I’ll admit, there are a lot of Bible customs that I just don’t get. I don’t have the time to go into all of them here, but marriage customs in particular can be a little bit of a head scratcher. 

For instance, in Genesis 29:25, why is it that Jacob doesn’t realize that the woman he married is Leah, not Rachel? How did he not know that until the day after the wedding?

I know that a lot of this has to do with the bridal outfits, but I still find it hard to believe. It’s totally opposite of customs in our day, where we stare into our spouse’s face reaaaaaaally close during the marriage ceremony. Trust me, if I was marrying anyone else besides my wife that day, I would’ve been able to tell.

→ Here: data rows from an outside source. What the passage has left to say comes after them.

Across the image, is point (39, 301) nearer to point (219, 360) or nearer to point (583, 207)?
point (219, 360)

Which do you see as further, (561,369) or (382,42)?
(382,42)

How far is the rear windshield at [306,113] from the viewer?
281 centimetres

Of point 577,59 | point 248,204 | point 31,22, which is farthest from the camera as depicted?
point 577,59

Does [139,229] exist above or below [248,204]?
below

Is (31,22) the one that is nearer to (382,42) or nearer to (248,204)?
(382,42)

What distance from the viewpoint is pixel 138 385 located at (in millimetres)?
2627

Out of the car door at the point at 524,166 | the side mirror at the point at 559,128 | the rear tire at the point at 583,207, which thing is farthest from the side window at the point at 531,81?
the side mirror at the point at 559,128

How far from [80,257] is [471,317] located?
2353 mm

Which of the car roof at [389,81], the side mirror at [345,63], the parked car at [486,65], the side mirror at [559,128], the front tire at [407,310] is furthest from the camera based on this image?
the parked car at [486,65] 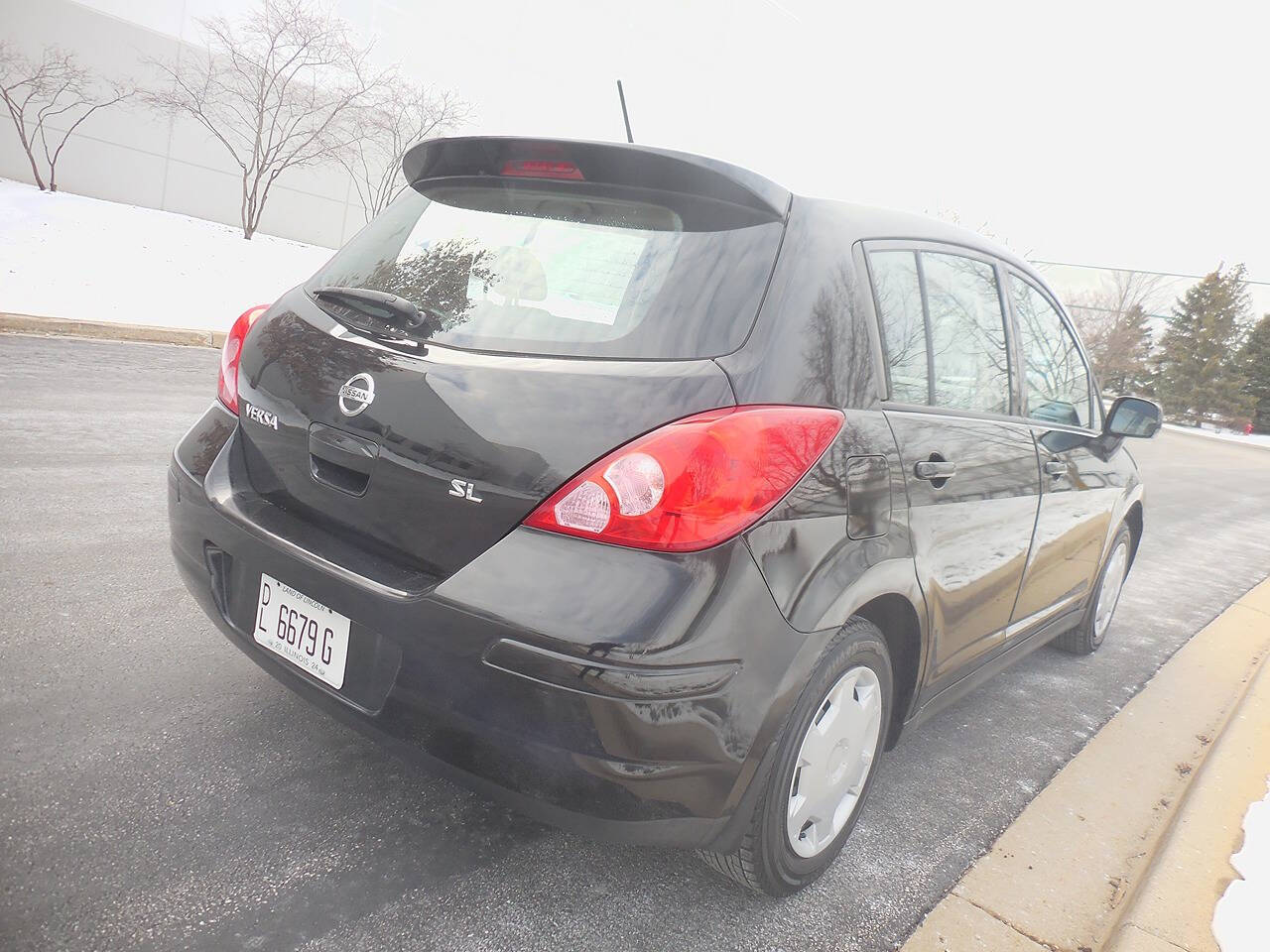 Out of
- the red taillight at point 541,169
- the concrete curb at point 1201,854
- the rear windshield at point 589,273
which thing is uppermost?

The real story here, though, is why Laban felt the need to pull the ole switcheroo on Jacob. It’s possible he could’ve just told Jacob about the tradition of marrying the oldest first, but it might’ve scared Jacob off from marrying either one of them.

Or, it’s possible that Laban feared that Leah would never get married. After all, she did have “weak eyes.”

This isn’t the only time that Laban has a less than honest relationship with his son-in-law. In Genesis 30-31, there’s another confrontation regarding Jacob’s livestock. Laban “cheats” Jacob several times (Genesis 31:7), and constantly tricks him into staying close by. 

To be fair, Laban recognizes that God blesses Jacob, and as long as he’s close by, Laban will prosper as well. It doesn’t make his deception right, but it does make it more understandable…I guess.

The root of Laban’s deception (both times) has to be his carnality. By setting the terms of Jacob’s marriage arrangement, and then changing them, he was able to get 14 years of free labor out of Jacob. By tricking him with the livestock, his possessions grew even more.

When greed becomes our idol (Colossians 3:5), there are no rules as to what we’ll do and who we’ll betray to gain more of it. We can try to rationalize our lies however we want to — as Laban did, both times — but at the end of the day, it’s just pure greed. 

Laban isn’t the first person to be undone by greed, either. And he won’t be the last.